Le droit à l’égalité brimé en raison de l’ajout de cours de français au cégep
L’imposition de nouveaux cours en français dans les cégeps anglophones a aussi provoqué une importante levée de boucliers. Un des arguments les plus souvent mis en avant est le droit à l’égalité brimé par une telle règle.
M. Rousseau précise sur ce point qu’il serait «peu probable que la loi 96 soit considérée comme contraire au droit à l’égalité. D’abord, parce que la disposition de souveraineté parlementaire protège cette loi contre des attaques fondées sur ce droit. Et ensuite parce que souvent les attaques contre la loi 101 basées sur le droit à l’égalité ont été des échecs».
L’abandon de l’anglais en santé
Pour la Coalition pour des services sociaux et de santé de qualité (CSSSQ), le projet de loi 96 aurait des répercussions négatives sur le réseau de la santé, en nuisant notamment aux communications entre le soignant et le patient.
Là encore, M. Rousseau vient rassurer les craintes des communautés anglophones, allophones et autochtones. «L’article 15 de la Loi sur les services de santé et les services sociaux qui prévoit le droit pour les anglophones de recevoir des services en anglais n’est aucunement modifié par la loi 96», nous explique le professeur.
La suprématie du français en Justice
Une des dernières grandes problématiques exposées par les groupements minoritaires est le risque de voir accorder une suprématie au français en justice. Comme en santé, ce sont les problèmes de communications ainsi que la publicité des débats et des décisions qui peuvent être mis en cause. L’accès à la justice, dont l’accès à des postes de haute instance comme pour les juges, est aussi à risque, selon ces derniers.
Ici aussi, M. Rousseau se fait rassurant. Comme il l’explique, «la loi 96 exige principalement que les entreprises qui déposent des procédures devant les tribunaux en anglais les traduisent en français. Je ne vois pas en quoi ça porte atteinte à une liberté quelconque».
Maxime St-Hilaire, professeur agrégé à la Faculté de droit de l’Université de Sherbrooke, prévient que «le Québec se doit quand même de faire attention à ne pas restreindre le statut de l’anglais comme langue judiciaire». Il préconise aussi au législateur de poser des garde-fous pour éviter de faire en sorte que la version française d’une loi l’emporte sur la version anglaise.
Des réactions fondées, démagogiques ou paranoïaques?

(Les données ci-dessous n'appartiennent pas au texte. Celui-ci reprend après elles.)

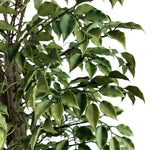 Very Beautiful Artificial Ficus Tree with UV Resistance 180cm - Designer Vertical Gardens Artificial Ficus artificial Ficus tree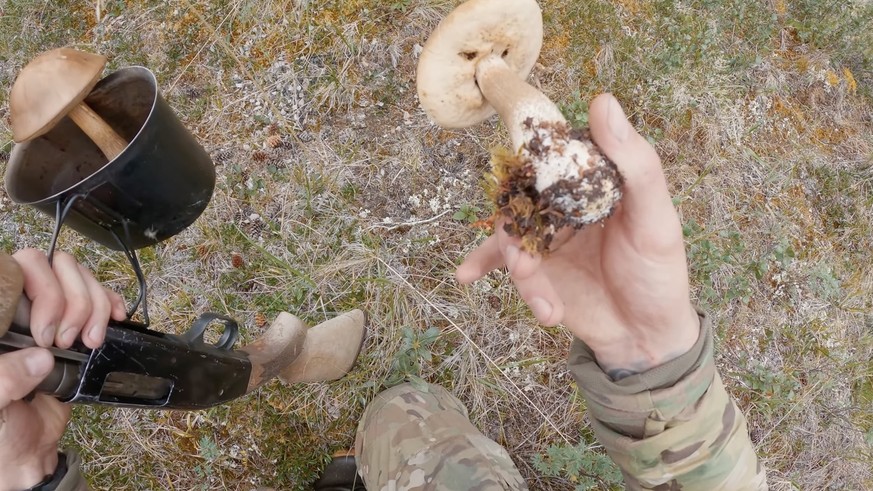 Pilze sammeln bei «Survival Squad».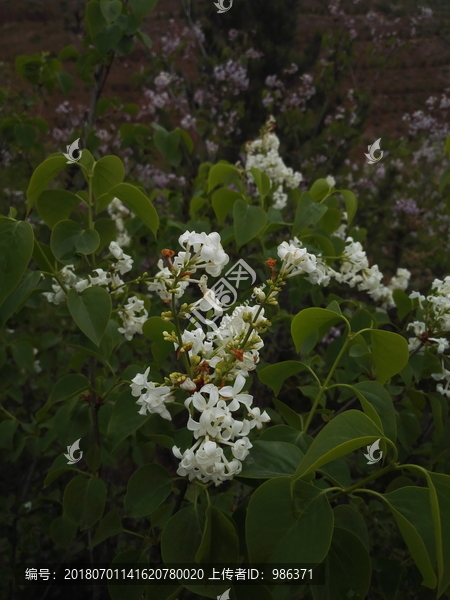 丁香花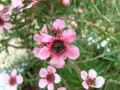 Myrtaceae-Leptospermum-Myrte-Australienne-20131128053514.jpg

Dans le cadre d’une chronique dans Le Journal, en date du 17 mai, notre collègue Mathieu Bock-Côté avait pu parler de «délire de persécution», expliquant que «cette communauté qui représente l’empire anglophone nord-américain au Québec reprend le langage de la diversité pour se victimiser. On se croirait dans 1984, de George Orwell, où le sens des mots s’inverse et la réalité disparaît».
Au-delà de la possible paranoïa qu’une telle vigueur de réaction peut représenter, et alors que de nombreux juristes comme M. Rousseau ont avancé que de telles réactions sont non fondées à leur sens, il faudrait voir du côté de la démagogie politique, selon l’auteur, chroniqueur et essayiste Frédéric Lacroix.
Ce dernier explique qu’«une partie non négligeable de la communauté anglophone semble avoir divorcé du réel».
«Alors que celle-ci dispose d’une surcomplétude institutionnelle majeure et que celle-ci n’est aucunement remise en question par la loi 96, on assiste à une surenchère démagogique dans la dénonciation de cette loi», ajoute-t-il.
Pour lui, «une partie de la communauté anglophone n’a jamais accepté le principe du “français, langue commune” ou du “français, langue d’intégration”. Cette communauté n’accepte pas non plus le statut de “minorité” au Québec, mais se comporte pratiquement comme une majorité».
La loi 96 a été adoptée à l’Assemblée nationale le 25 mai. Le 27 mai, la Commission scolaire English-Montréal annonçait son intention de la contester en justice.